README

This plugin for the SilverStripe framework allows you to harness the power of the Lucene search engine on your site.

Using a variety of tools, you can also search PDF, Word, Excel, Powerpoint and plain text files.

It is easy to set up and use.

This plugin uses Zend_Search_Lucene from Zend, StandardAnalyzer by Kenny Katzgrau, and pdf-to-text by Joeri Stegeman for PDF scanning.

Zend_Search_Lucene is a PHP port of the Apache project's Lucene search engine.

This extension is inspired by the wpSearch plugin for WordPress. http://codefury.net/projects/wpSearch/

Modified for SilverStripe 3.0.x and 3.1

Graeme Smith <gs78 (at) me (dot) com>

####To Do: Tests not working - Status column and Temporary Tables fault

Maintainer Contact

Darren Inwood <darren (dot) inwood (at) chrometoaster (dot) com>

Requirements

SilverStripe 3.0 or newer 'Queued Jobs' module for SilverStripe 3.0 or newer - see: https://github.com/nyeholt/silverstripe-queuedjobs

This module is currently only tested on LAMP - Windows and Mac OS X should work, but are untested.

Documentation

http://code.google.com/p/lucene-silverstripe-plugin/

There is also phpdoc generated documentation in the docs directory.

Installation Instructions

Check out the archive into the root directory of your project.

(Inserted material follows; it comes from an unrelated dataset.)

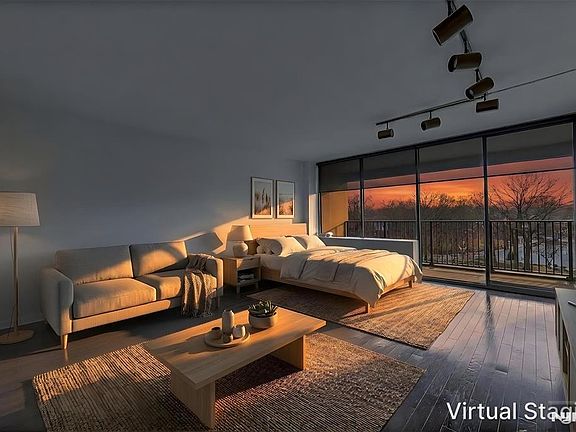 5th image of 6 Horizon Rd APT 306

This should be the same folder as the 'framework' directory.

Via Git: git submodule add https://github.com/Instagraeme/silverstripe-lucene lucene

This will create a directory called 'lucene' containing the plugin files.

You will need to have the 'Queued Jobs' module installed in order to use Lucene:

Via Git: git submodule add https://github.com/nyeholt/silverstripe-queuedjobs queuedjobs

To get queued jobs to run, you also need to add $_FILE_TO_URL_MAPPING to your _ss_environment.php file as described in the SilverStripe docs:

http://doc.silverstripe.org/sapphire/en/topics/commandline

Run /dev/build?flush=1 to tell your SilverStripe about your new module, and your new search engine is installed! (You still need to enable it - see below.)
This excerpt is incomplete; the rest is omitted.